DETROIT -- The FBI investigated a series of threatening letters sent to Detroit Pistons coach Chuck Daly at the height of his team's success during the 1989-90 "Bad Boys" championship era, newly released government records show.
The 67 pages, obtained by The Associated Press as part of a Freedom of Information Act request, detail how federal agents in Detroit ordered fingerprint, handwriting and even psycholinguistic analyses as part of an effort to determine who sent the correspondences.
Daly's teams played a punishing, in-your-face brand of defense that angered opposing players and coaches, and -- based on the content of the letters examined by the FBI -- fans, too.
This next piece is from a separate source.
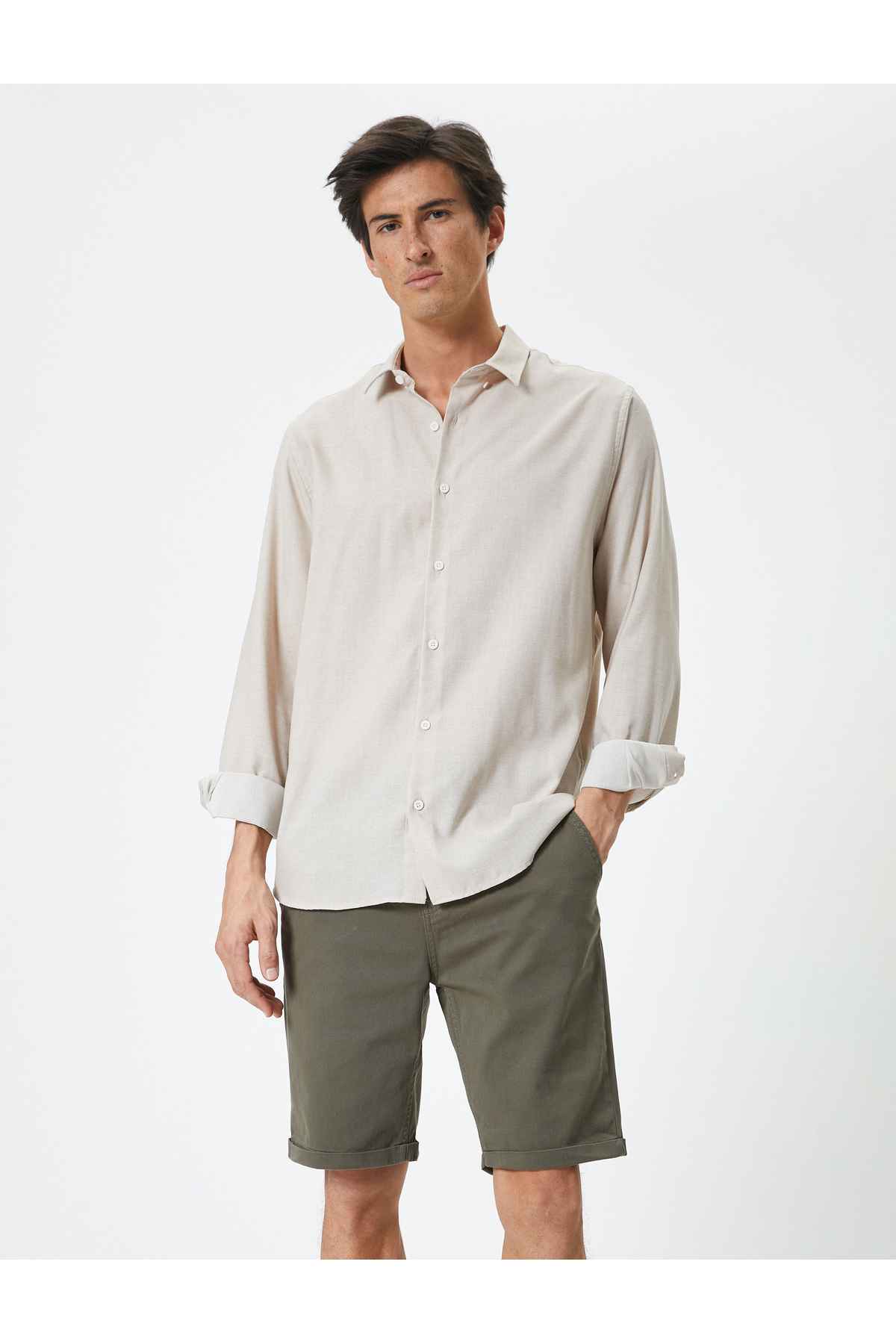 شلوارک پارچهای برمودا با جیب باریک و جک دار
One letter, mailed from Cleveland and postmarked April 24, 1989, arrived about two months after Cavaliers guard Mark Price suffered a concussion following a Rick Mahorn elbow and three months after Cleveland's Brad Daugherty and Detroit's Bill Laimbeer had an on-court fistfight.
"God made me realize that YOU, not Laimbeer, Mahorn or any of the others are the one possessed by [Satan]," the author wrote in the one-page handwritten letter addressed to "Mr. Chuck Daly."
Daly, a Hall of Famer who died in May at the age of 78, gave the letter to team officials, who in turn notified NBA security in New York. The league advised the Pistons to turn it over to the FBI.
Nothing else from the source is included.